The property/casualty (P&C) sector should continue to be fuelled by strong fundamentals, such as an overabundance of capital, fewer organic opportunities in a soft market, and pressure on expense ratios and earnings, according to the study named ‘Global Insurer Mergers & Acquisitions in 2016’.
Optimism regarding the US growth outlook should drive continued focus on North American targets. Foreign capital, particularly from Japanese owned companies, should be a key driver for larger transactions.
In the life sector, there may be more optimism given the outlook for interest rates, according to Conning.

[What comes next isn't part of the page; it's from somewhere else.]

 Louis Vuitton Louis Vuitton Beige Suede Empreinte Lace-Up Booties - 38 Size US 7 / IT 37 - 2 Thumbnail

The health sector will continue to be beset by regulatory uncertainty related to the ACA, but pursuit of business that adds scale in government plans and improved cross-market positioning will continue, particularly by the largest competitors.
Conning also anticipates an accelerated return to M&A activity now that the companies involved in the mega-mergers are refocused on pursuing their respective strategies rather than integration and cost savings.
M&A Drivers
Soft market conditions continue to be a key driver of M&A activity for the P&C industry. Despite deteriorating earnings, reserve releases, and expense ratios, another year of low catastrophe activity means companies continue to have excess capital. Absent a significant dislocation event, the soft market appears to be a driver going forward.

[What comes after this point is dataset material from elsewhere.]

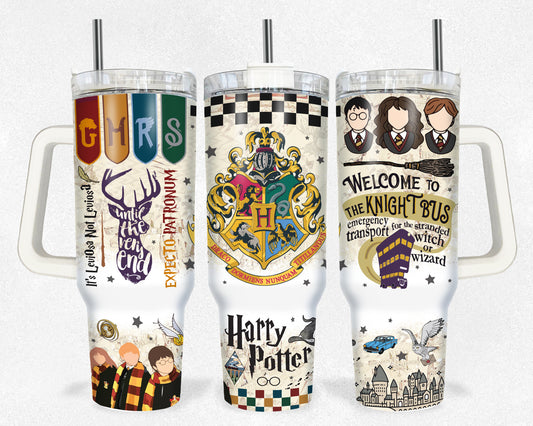 Harry Potter Stanley Tumbler Wizard Stanley Cup Wizard School Tumbler Harry  Potter Inspired Tumbler Hp Wizard Stanley 40 Oz Tumbler - Trendingnowe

With poor underlying premium rate fundamentals in the P&C sector, insurers have sought consolidation to attain scale and heighten efficiency. In the face of continued high expense ratios, companies across the board have been proactively pursuing expense reduction initiatives.
Continuation of soft market conditions in 2017 constitutes headwinds on expenses and will contribute to exploration of consolidation and smaller acquisition opportunities that can accelerate market entry as compared to organic growth initiatives.
Long-term downward pressure on interest rates continues to be a drag for longer-tailed lines and most significantly for the life insurance industry. There is some more recent optimism in the interest rate outlook. The outlook for interest rates is changing, but these changes will take time to work their way through the investment portfolio.